### TASK DETAILS
Repeat only the lines below that run from the line with "Various - The" to the line with "Honda CR-V 1.5", ends included; skip every picture.

### RECORDS PROVIDED
Content starts

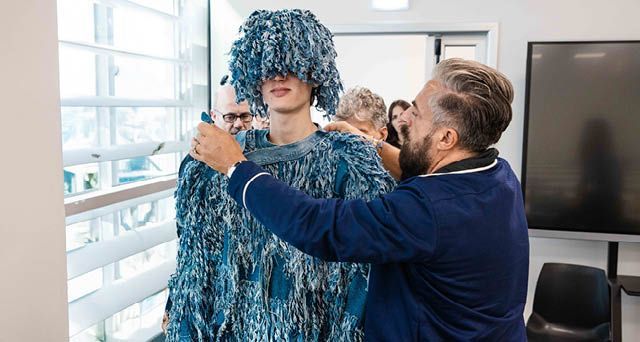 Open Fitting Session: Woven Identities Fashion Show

Content ends
Content starts

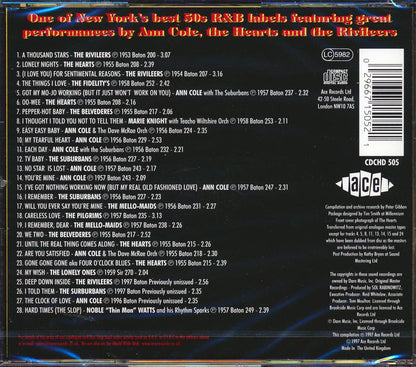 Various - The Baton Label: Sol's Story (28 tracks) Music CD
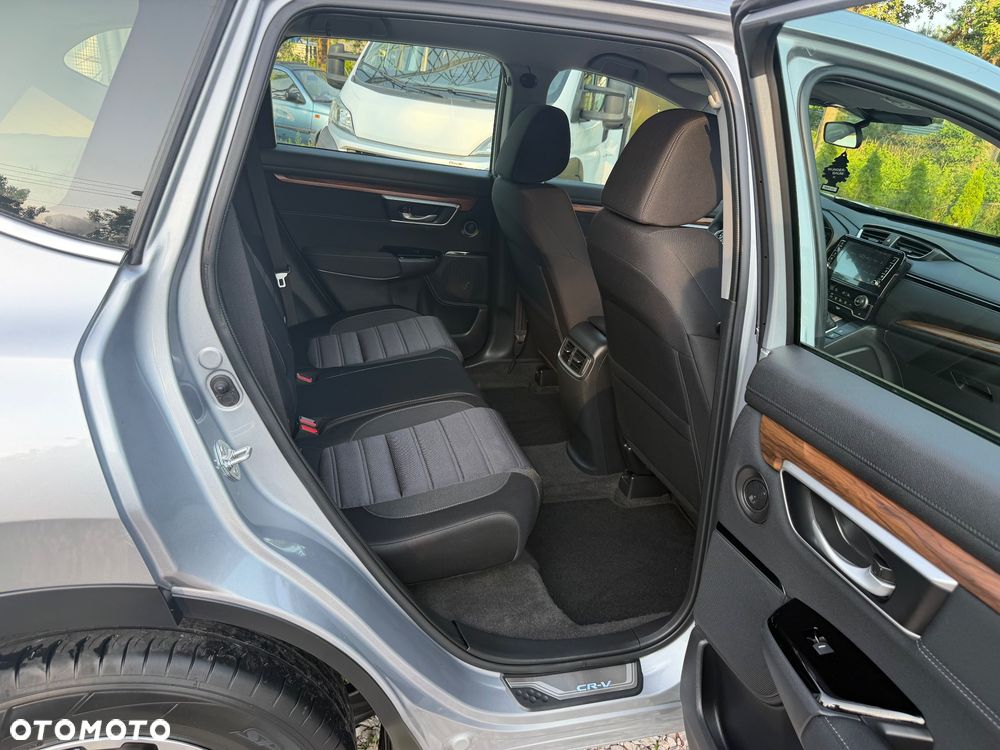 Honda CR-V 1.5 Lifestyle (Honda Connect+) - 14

Content ends

### RESULT OF THIS TASK
 Various - The Baton Label: Sol's Story (28 tracks) Music CD
 Honda CR-V 1.5 Lifestyle (Honda Connect+) - 14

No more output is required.